The rationale is solid: projects and initiatives ultimately necessitate individuals to alter their work habits. Research consistently shows that the likelihood of success increases with effective Change Management. However, some organizations remain hesitant to fully invest in and commit to Change Management. Many practitioners still face challenges when justifying investments in time, resources, and budget for Change Management. Notably, Prosci's benchmarking research revealed that 76% of participants had to provide justification for Change Management to leaders.

How can this challenge be overcome? One of the most transparent ways to justify Change Management in terms leaders understand is through cost-benefit analysis.

 

 

Cost-Benefit Analysis Overview 

The cost-benefit analysis for Change Management is akin to those conducted by organizations routinely. The goal is to demonstrate the relationship between the costs of managing the people side of change and the benefits derived from applying a structured approach to enable impacted employees to engage, adopt, and use the change. Buy-in and investment in Change Management will only be received if it can be shown that the real and tangible benefits outweigh the costs.

While the research findings on the cost of Change Management are straightforward, the benefits side of the equation can be tricky to discuss. To enhance the cost-benefit analysis, you can draw upon five specific benefit perspectives to make a case for Change Management:

  1. 3X People-Side ROI Factors:

    Accelerated adoption, increased ultimate utilization, and enhanced proficiency are key contributors to project ROI, all facilitated by Change Management.

  2. Cost Avoidance:

    Ineffectively handling change incurs expenses for both the project and the organization. Change Management serves as a strategical tactic for avoiding these costs.

  3. Risk Mitigation:

    When change is inadequately handled, there are risks to individuals, the project, and the organization. Change Management serves as a tool to mitigate these risks.

  4. Benefits Realization Insurance:

    Evaluate the extent to which the project's value relies on individuals altering their job roles. Change Management serves as your insurance for realizing these benefits.

  5. Probability of Meeting Objectives:

    Projects that implement effective Change Management are more prone to achieving objectives, adhering to schedules, and staying within budget. With Change Management, meeting objectives is increased.

 

Change Management  Costs

Applying Change Management to a project involves time, energy, and resources.
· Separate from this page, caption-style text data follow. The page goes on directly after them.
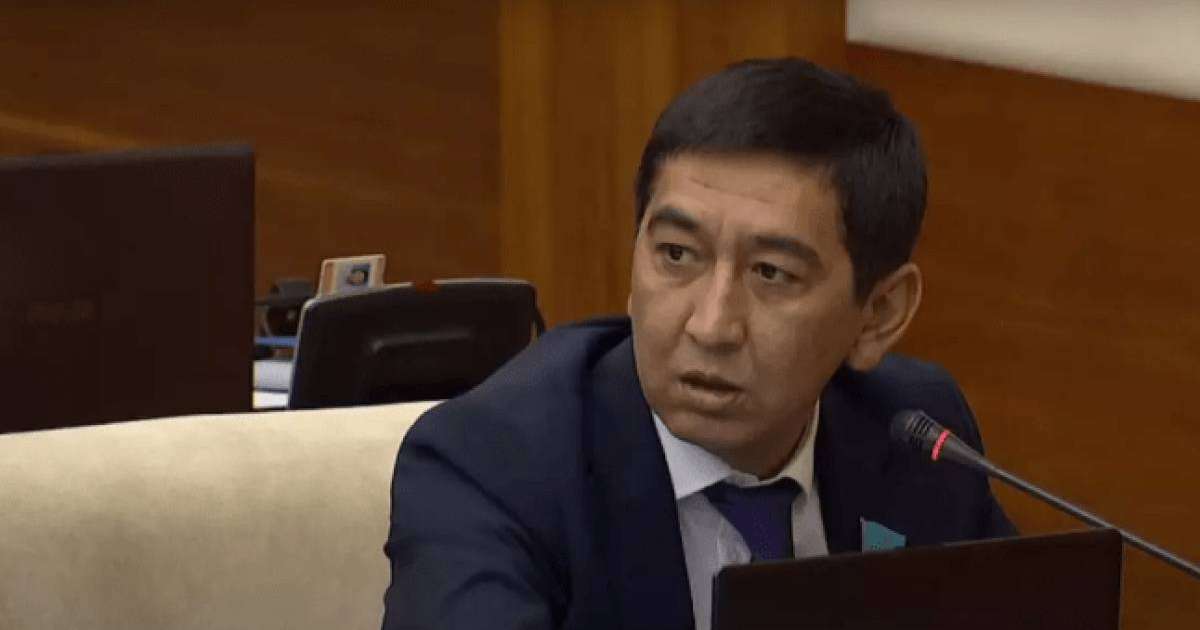 "Елбасының өзіне ауыр сөз айтты": айтыскер ақын әріптесі Ринат Зайытовтың билікке келуіне қатысты ойын жеткізді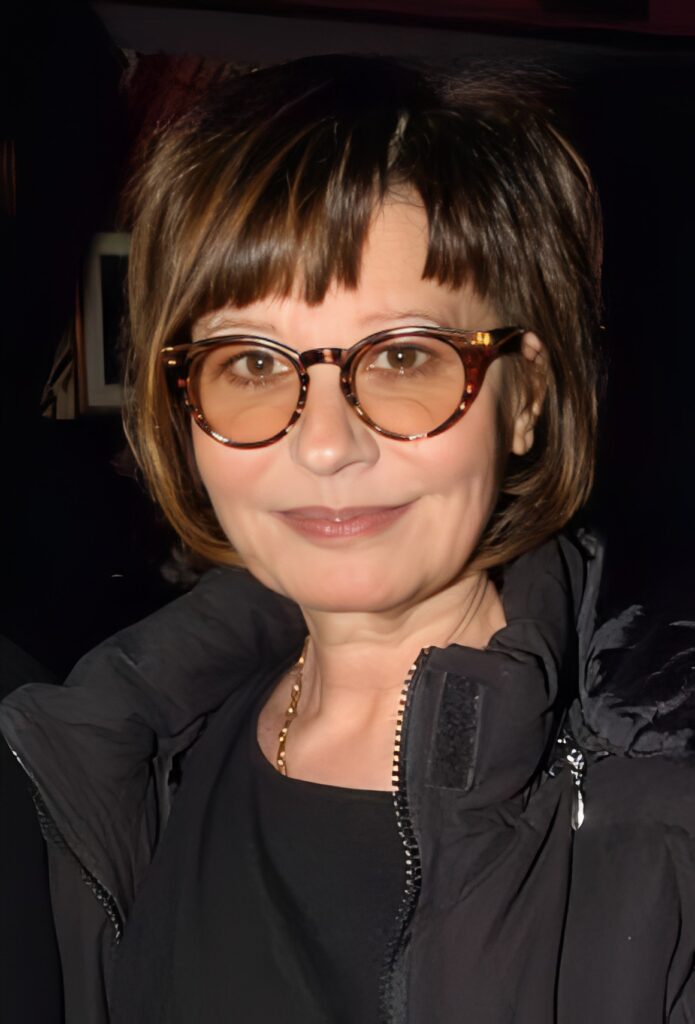 Suis-Nous - La chanteuse et danseuse Guesch Patti, interprète du titre "Etienne" est morte ! Elle avait 80 ans Suis-Nous - La chanteuse et danseuse Guesch Patti, interprète du titre "Etienne" est morte ! Elle avait 80 ans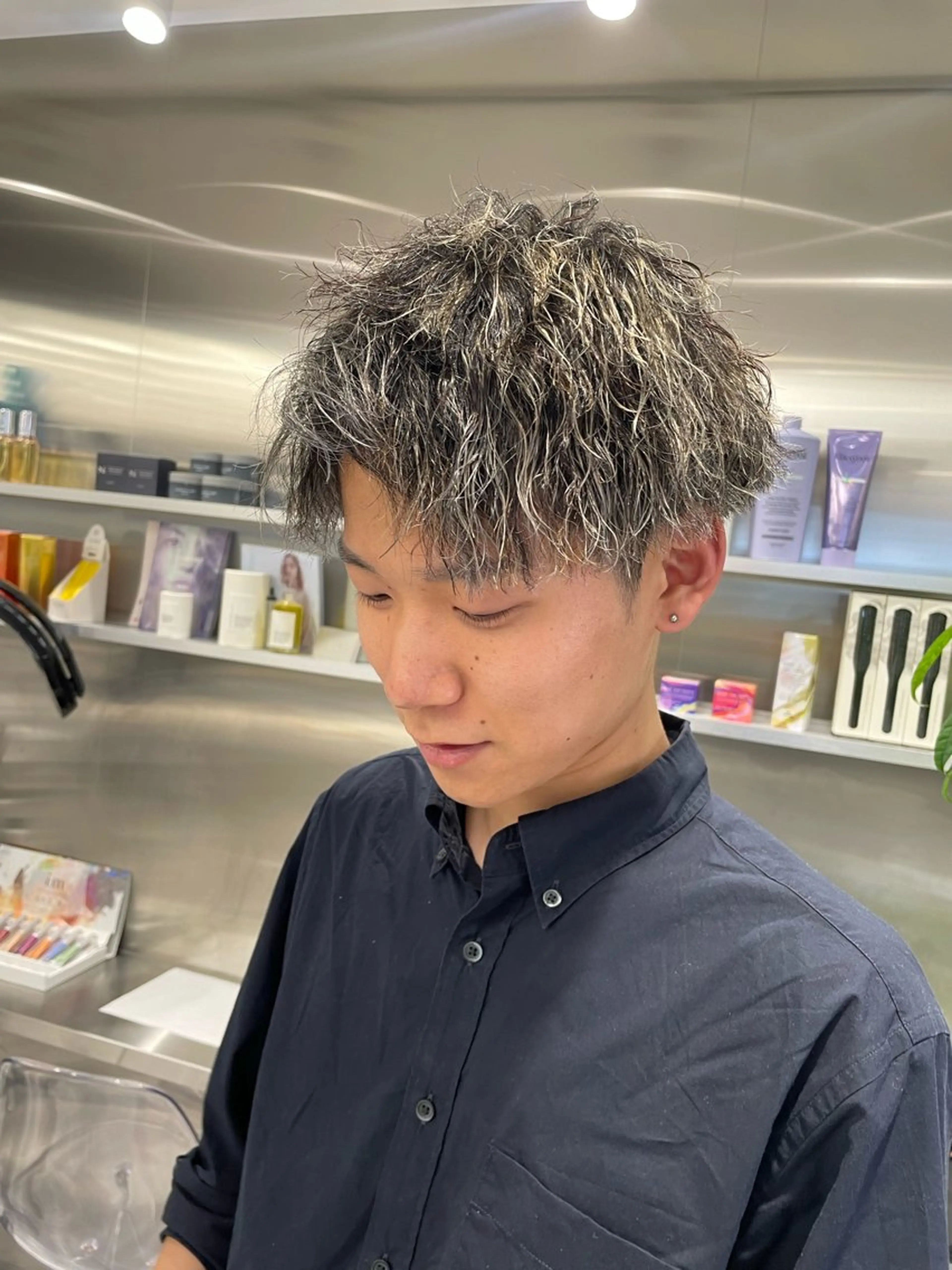 ショート パーマ メンズ メンズメッシュ メンズパーマ メンズツイストパーマ 波巻きパーマ スパイラルパーマ カット パーマ フェザーショート⚡️ REONのヘアスタイル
According to Prosci research, the main costs of Change Management are:

  • Change Management resources (people)

  • Training

  • Communications

  • Travel

  • Time

  • Change Management materials.

 

In addition to the main costs elementsadditional costs included:

  • Consultant fees

  • General expenses

  • Event costs (e.g., workshops, group meetings, "lunch and learn" events, road shows, and town hall meetings)

  • Reinforcement and recognition costs

 

Benefits of Change Management

Perspective 1 - 3X People-Side ROI Factors

Change manifests at the individual level. Prosci's ROI of Change Management model centers on three factors related to individuals, influencing the value that a change brings to the organization.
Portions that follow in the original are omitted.